**WHAT YOU ARE ASKED TO DO:**
Once the pictures are set aside, reproduce all of the records exactly.

Content starts

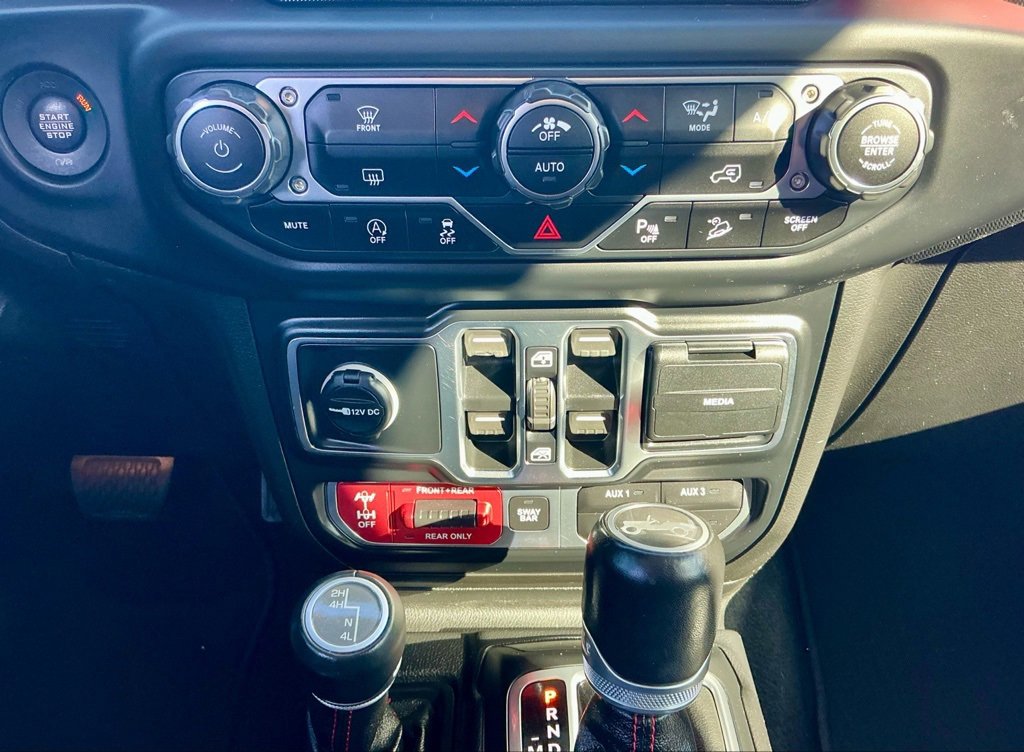 Used 2020 Jeep Wrangler Unlimited Rubicon image 34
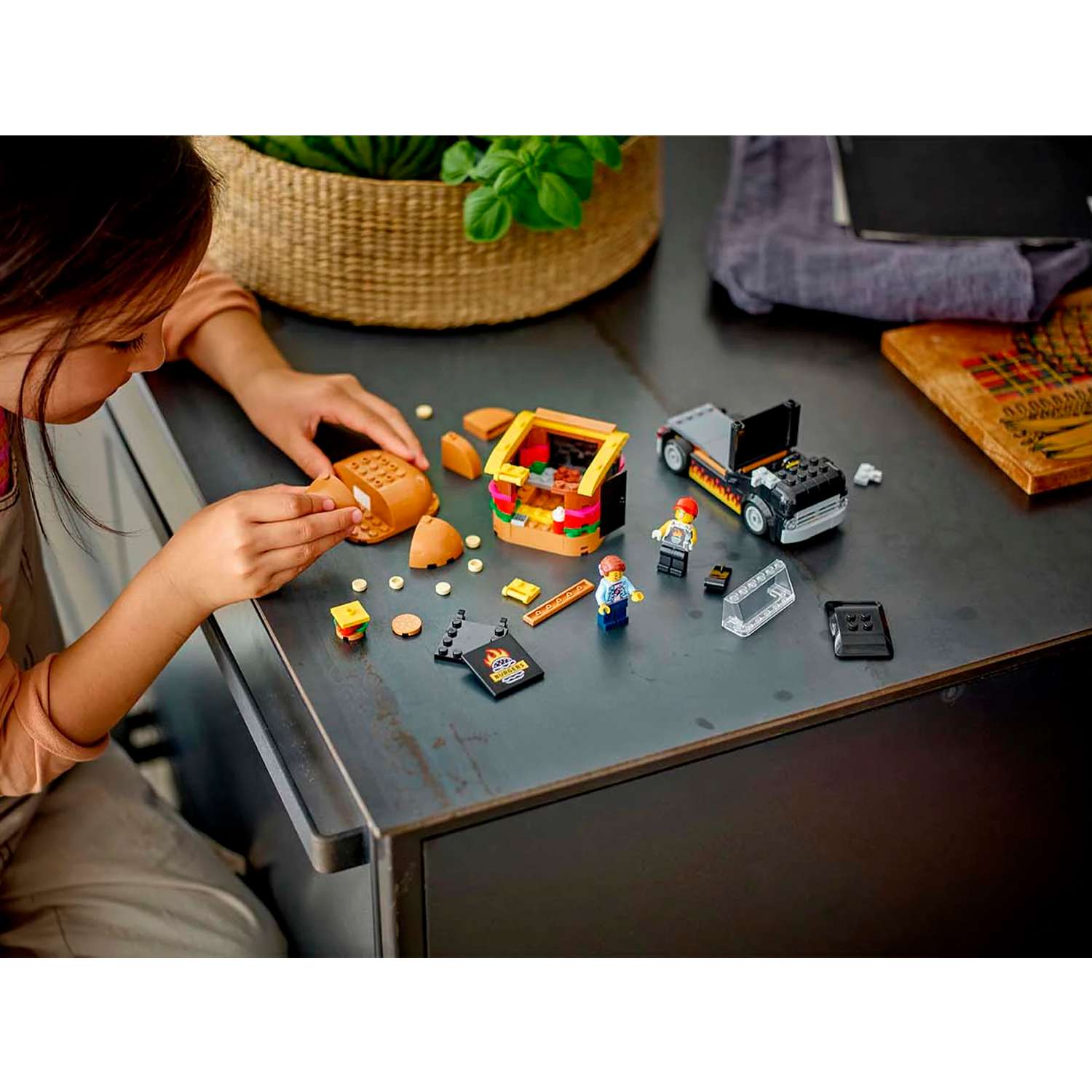 Конструктор детский LEGO City Фургон-гамбургер 60404 - фото 6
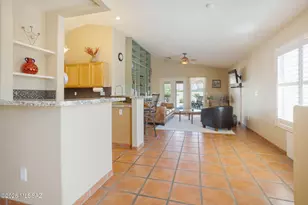 10883 N Sand Canyon Pl, Tucson, AZ 85737 - Photo 13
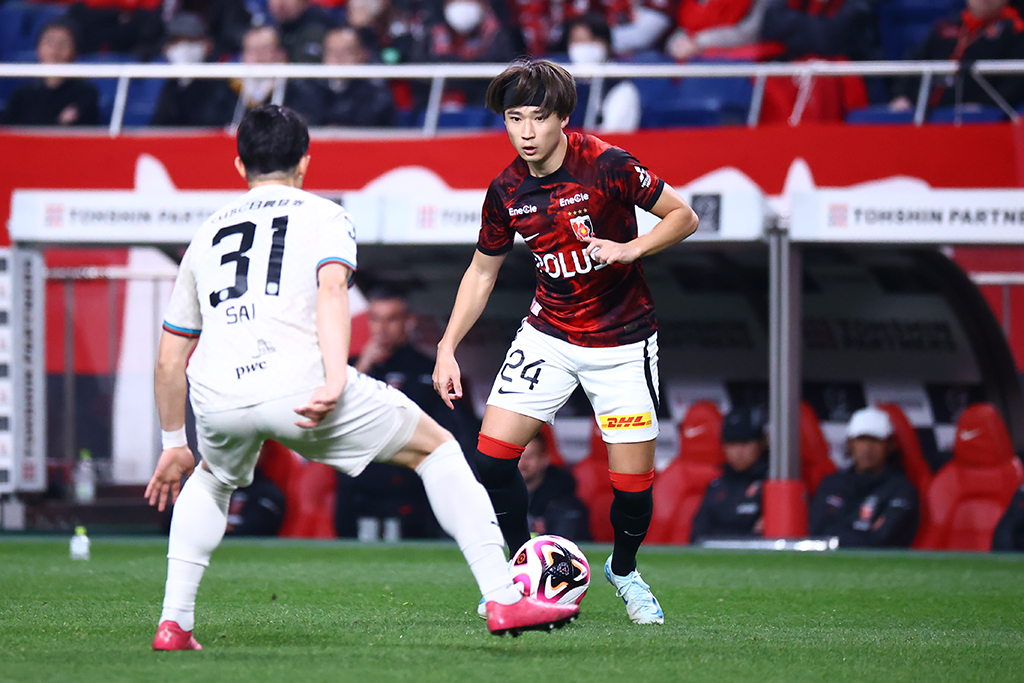 Nhận định soi kèo Kawasaki Frontale vs Urawa Reds lúc 17h00 ngày 21/5/2025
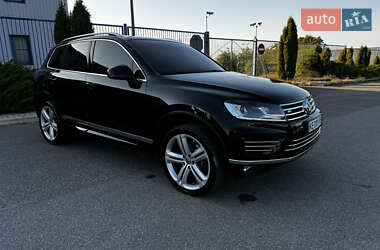 Внедорожник / Кроссовер Volkswagen Touareg 2015 в Новомосковске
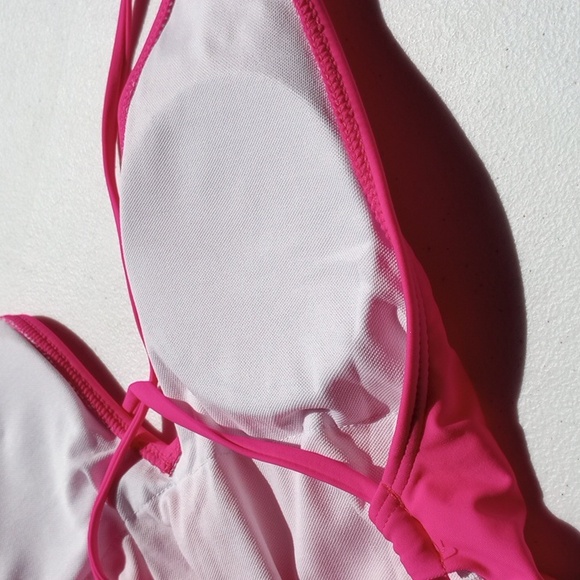 Women's sexy V-neck design one piece swimsuit, pool, beach and vacation - Picture 13 of 17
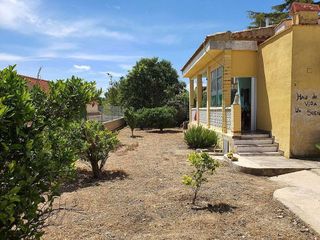 Chalet en venta en Alborache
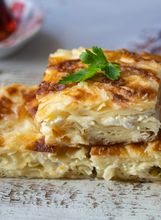 Trgana pita sa sirom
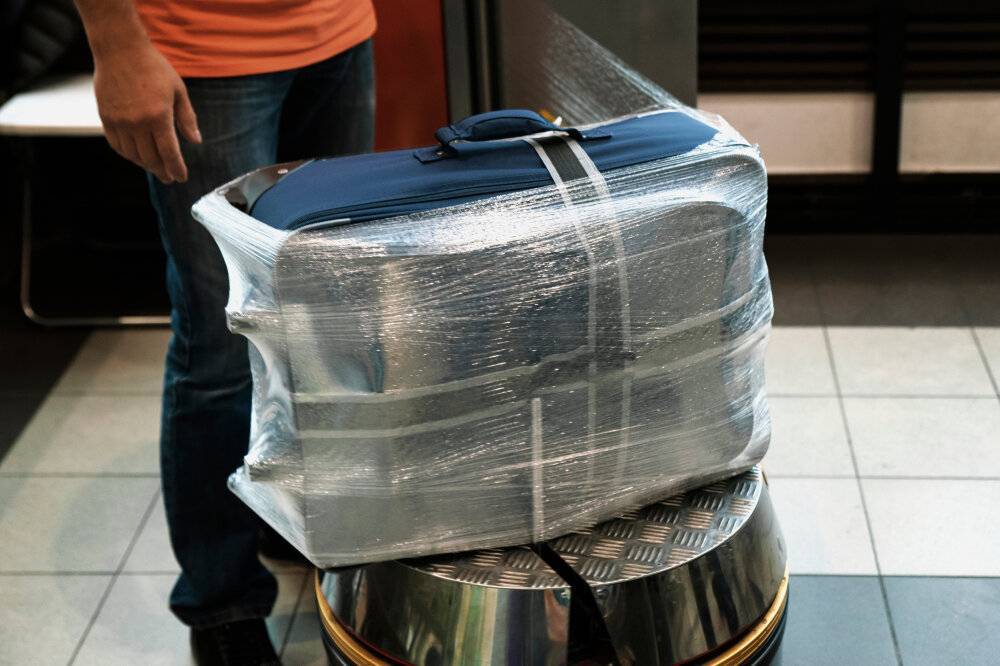Упаковка багажа в домодедово: стоимость, есть ли бесплатно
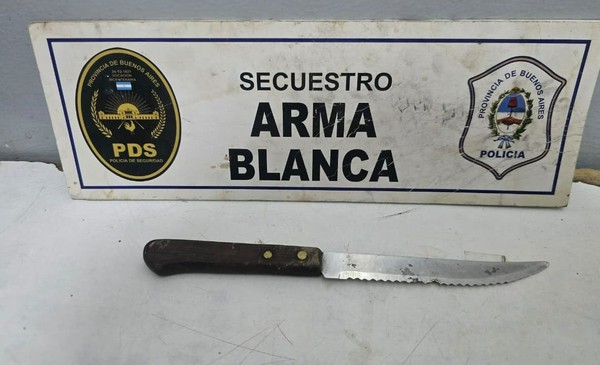 Estaban borrachos, se pelearon en un baldío y secuestraron un cuchillo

Content ends

**REPLY:**
 Used 2020 Jeep Wrangler Unlimited Rubicon image 34
 Конструктор детский LEGO City Фургон-гамбургер 60404 - фото 6
 10883 N Sand Canyon Pl, Tucson, AZ 85737 - Photo 13
 Nhận định soi kèo Kawasaki Frontale vs Urawa Reds lúc 17h00 ngày 21/5/2025
 Внедорожник / Кроссовер Volkswagen Touareg 2015 в Новомосковске
 Women's sexy V-neck design one piece swimsuit, pool, beach and vacation - Picture 13 of 17
 Chalet en venta en Alborache
 Trgana pita sa sirom
Упаковка багажа в домодедово: стоимость, есть ли бесплатно
 Estaban borrachos, se pelearon en un baldío y secuestraron un cuchillo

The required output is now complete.